L’avantage de la gamme tempérée est de permettre toutes les transpositions et d’écrire dans toutes les
tonalités sur un instrument à clavier utilisant 12 touches par octave. Ceci est
particulièrement bien illustré par une œuvre majeure de JS Bach : « Le clavier bien
tempéré », comportant deux recueils de 24 préludes et fugues, dans les 12
tonalités et les 2 modes majeur et mineur.
L’inconvénient d’un
tempérament égal est que l’on perd les variations de « couleurs »

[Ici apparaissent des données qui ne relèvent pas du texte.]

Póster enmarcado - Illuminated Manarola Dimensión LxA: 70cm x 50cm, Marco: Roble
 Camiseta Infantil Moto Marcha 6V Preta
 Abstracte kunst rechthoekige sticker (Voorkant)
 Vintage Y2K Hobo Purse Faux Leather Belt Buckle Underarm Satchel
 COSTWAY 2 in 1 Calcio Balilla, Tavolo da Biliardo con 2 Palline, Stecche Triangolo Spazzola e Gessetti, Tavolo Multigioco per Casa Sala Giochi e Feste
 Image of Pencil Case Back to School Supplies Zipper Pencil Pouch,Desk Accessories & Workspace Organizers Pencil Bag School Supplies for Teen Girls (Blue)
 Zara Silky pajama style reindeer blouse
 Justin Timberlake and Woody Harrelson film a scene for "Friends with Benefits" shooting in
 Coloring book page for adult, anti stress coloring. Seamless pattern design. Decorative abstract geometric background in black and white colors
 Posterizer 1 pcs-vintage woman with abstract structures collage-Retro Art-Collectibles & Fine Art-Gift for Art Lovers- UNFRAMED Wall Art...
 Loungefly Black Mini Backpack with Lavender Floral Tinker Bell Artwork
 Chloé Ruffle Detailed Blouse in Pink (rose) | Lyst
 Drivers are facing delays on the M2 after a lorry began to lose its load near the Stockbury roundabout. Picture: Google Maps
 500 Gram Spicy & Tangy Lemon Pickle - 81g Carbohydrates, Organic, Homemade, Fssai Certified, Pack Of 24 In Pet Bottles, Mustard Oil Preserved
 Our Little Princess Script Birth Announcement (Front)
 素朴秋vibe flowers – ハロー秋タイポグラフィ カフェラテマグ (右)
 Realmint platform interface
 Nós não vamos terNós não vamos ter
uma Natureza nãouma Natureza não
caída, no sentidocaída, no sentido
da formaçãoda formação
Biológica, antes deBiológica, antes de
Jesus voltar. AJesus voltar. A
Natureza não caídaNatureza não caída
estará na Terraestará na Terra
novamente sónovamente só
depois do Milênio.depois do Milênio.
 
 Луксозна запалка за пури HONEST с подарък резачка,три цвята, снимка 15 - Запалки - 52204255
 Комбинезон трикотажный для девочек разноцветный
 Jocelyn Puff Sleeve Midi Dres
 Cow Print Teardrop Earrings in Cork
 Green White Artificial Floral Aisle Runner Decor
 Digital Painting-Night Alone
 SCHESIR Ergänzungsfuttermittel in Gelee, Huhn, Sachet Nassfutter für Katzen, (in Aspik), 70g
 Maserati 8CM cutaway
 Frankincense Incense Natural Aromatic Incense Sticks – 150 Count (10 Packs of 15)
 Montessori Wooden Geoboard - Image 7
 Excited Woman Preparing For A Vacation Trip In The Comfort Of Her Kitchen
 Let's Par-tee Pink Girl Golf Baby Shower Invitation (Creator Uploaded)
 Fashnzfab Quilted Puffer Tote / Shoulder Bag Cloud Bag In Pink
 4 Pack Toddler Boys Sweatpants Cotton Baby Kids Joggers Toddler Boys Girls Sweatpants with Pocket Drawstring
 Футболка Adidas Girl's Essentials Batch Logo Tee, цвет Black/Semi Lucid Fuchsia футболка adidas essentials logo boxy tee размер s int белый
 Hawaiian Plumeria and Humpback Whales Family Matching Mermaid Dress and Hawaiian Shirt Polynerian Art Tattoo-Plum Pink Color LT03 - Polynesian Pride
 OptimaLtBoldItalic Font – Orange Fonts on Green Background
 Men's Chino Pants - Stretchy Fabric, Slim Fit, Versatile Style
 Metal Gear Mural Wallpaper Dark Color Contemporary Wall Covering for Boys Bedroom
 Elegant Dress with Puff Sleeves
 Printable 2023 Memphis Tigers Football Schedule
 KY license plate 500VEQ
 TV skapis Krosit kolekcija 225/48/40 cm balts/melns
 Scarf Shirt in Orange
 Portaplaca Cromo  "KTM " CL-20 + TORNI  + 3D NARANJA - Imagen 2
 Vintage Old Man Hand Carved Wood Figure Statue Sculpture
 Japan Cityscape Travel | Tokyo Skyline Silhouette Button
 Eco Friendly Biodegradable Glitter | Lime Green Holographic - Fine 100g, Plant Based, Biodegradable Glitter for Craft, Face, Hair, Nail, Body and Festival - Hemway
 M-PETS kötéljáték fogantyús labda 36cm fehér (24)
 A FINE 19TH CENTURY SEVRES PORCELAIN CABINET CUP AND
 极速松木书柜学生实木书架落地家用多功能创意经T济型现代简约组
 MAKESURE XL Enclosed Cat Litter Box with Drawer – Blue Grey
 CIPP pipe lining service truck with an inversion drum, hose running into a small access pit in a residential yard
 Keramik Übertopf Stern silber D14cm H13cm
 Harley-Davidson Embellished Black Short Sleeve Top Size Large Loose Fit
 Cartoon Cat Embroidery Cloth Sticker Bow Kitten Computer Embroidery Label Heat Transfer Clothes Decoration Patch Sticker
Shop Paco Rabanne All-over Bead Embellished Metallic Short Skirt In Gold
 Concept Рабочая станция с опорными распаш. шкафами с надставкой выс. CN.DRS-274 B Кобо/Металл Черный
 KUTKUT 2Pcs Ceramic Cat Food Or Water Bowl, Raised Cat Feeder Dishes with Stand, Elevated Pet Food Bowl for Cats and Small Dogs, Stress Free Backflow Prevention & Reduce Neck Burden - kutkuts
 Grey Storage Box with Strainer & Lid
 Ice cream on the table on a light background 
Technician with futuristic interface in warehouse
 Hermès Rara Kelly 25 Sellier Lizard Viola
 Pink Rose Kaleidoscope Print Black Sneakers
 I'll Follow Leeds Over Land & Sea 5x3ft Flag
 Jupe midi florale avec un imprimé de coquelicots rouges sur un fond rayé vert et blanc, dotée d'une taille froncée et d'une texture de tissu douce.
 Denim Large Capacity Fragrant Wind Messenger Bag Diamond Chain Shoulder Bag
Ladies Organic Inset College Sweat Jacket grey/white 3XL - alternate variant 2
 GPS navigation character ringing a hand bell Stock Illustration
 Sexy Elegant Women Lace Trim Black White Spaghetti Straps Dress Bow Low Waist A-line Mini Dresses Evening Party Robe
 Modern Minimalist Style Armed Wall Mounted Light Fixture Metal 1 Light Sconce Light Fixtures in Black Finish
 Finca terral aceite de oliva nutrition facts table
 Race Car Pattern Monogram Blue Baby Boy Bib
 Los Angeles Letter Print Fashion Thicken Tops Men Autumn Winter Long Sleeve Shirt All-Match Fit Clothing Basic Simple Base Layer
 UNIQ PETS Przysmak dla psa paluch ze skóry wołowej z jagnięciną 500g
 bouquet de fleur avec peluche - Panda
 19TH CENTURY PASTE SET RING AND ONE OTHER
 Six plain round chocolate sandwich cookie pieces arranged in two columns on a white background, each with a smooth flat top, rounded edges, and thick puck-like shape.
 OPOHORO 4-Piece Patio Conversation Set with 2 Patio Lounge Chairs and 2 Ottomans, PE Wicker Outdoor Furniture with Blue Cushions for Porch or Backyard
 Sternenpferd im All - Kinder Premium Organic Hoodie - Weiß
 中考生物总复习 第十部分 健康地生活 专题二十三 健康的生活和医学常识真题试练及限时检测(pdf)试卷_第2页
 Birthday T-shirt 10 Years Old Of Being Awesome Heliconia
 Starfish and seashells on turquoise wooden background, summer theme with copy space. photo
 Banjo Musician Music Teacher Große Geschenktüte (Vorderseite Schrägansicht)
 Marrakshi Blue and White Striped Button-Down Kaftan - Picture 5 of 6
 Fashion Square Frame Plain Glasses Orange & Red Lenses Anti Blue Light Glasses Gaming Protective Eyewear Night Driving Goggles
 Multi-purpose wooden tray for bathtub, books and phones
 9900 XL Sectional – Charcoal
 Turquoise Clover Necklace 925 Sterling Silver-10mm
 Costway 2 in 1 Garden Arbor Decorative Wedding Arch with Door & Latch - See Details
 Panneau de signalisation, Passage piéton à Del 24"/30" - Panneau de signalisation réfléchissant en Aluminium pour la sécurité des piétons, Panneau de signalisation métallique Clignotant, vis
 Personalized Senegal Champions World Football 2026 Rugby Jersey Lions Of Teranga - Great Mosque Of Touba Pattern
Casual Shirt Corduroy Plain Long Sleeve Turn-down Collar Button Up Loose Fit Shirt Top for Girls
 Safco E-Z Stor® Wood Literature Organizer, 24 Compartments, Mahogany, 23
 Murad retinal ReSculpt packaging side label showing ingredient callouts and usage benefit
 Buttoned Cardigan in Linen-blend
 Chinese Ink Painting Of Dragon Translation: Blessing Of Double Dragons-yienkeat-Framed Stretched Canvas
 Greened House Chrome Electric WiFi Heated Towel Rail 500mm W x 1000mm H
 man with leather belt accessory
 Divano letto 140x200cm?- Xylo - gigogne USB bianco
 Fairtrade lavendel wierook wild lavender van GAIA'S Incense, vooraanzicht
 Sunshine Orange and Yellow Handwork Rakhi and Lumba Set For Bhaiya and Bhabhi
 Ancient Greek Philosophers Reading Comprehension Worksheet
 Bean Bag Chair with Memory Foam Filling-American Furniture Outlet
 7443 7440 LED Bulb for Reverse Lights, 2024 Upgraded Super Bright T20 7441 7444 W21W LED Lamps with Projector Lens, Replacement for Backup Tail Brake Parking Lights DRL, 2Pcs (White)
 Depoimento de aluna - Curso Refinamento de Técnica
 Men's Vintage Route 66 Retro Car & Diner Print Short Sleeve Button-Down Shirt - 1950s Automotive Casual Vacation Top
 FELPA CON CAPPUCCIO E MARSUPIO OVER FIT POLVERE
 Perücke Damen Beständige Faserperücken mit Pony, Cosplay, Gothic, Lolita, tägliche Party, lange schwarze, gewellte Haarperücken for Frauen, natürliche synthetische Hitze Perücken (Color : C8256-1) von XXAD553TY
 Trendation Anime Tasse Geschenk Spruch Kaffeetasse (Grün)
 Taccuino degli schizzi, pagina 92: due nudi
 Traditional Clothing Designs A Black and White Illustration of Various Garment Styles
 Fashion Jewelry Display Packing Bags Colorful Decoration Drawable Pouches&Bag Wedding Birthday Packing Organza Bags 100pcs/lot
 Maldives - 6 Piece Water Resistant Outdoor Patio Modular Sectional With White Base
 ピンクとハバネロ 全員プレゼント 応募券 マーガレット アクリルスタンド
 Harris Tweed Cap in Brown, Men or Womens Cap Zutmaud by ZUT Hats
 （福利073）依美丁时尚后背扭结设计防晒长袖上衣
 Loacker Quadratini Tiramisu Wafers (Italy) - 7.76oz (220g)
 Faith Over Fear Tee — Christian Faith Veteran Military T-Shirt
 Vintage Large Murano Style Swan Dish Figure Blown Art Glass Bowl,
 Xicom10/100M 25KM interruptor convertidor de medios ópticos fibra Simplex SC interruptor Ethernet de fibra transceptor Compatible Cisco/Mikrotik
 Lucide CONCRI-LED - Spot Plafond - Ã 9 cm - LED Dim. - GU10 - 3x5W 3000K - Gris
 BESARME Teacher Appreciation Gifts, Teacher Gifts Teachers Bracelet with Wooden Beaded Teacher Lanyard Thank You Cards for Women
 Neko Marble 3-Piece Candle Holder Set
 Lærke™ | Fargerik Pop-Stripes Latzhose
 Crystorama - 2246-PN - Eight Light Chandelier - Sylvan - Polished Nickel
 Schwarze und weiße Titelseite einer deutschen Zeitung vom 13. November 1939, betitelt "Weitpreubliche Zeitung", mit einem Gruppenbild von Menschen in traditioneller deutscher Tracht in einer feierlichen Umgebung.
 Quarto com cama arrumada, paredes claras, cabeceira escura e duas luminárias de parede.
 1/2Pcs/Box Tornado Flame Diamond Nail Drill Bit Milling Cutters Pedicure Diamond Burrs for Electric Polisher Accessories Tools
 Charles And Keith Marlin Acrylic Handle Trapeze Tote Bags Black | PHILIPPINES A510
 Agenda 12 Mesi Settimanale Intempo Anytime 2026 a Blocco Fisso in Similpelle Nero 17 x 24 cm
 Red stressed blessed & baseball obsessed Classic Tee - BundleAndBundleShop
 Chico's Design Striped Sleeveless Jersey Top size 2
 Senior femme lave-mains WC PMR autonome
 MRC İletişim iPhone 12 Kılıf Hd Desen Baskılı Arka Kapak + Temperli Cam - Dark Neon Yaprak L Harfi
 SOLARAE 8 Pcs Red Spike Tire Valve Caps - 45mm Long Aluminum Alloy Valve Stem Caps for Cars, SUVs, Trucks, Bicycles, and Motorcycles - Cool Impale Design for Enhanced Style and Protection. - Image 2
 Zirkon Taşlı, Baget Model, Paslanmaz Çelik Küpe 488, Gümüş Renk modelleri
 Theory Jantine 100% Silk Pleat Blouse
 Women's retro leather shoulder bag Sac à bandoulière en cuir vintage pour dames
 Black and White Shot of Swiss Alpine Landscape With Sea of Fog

qui existaient entre les tonalités. En effet, avec un tempérament inégal, les
intervalles entre les degrés de chaque gamme de tonalité différente sont
différents, ce qui entraine des tonalités de « couleurs »
différentes.
Exemple avec la gamme
de Zarlino : l’intervalle entre degrés I et II est différent selon la
tonalité.
En fait, l’essentiel de la
musique baroque utilise des tempéraments inégaux, la gamme tempérée apparue à
la fin du 17e siècle ne se généralisant que plus tard. C’est
pourquoi les tempéraments inégaux sont particulièrement adaptés à l'exécution
du répertoire baroque, et les ensembles spécialisés les pratiquent couramment.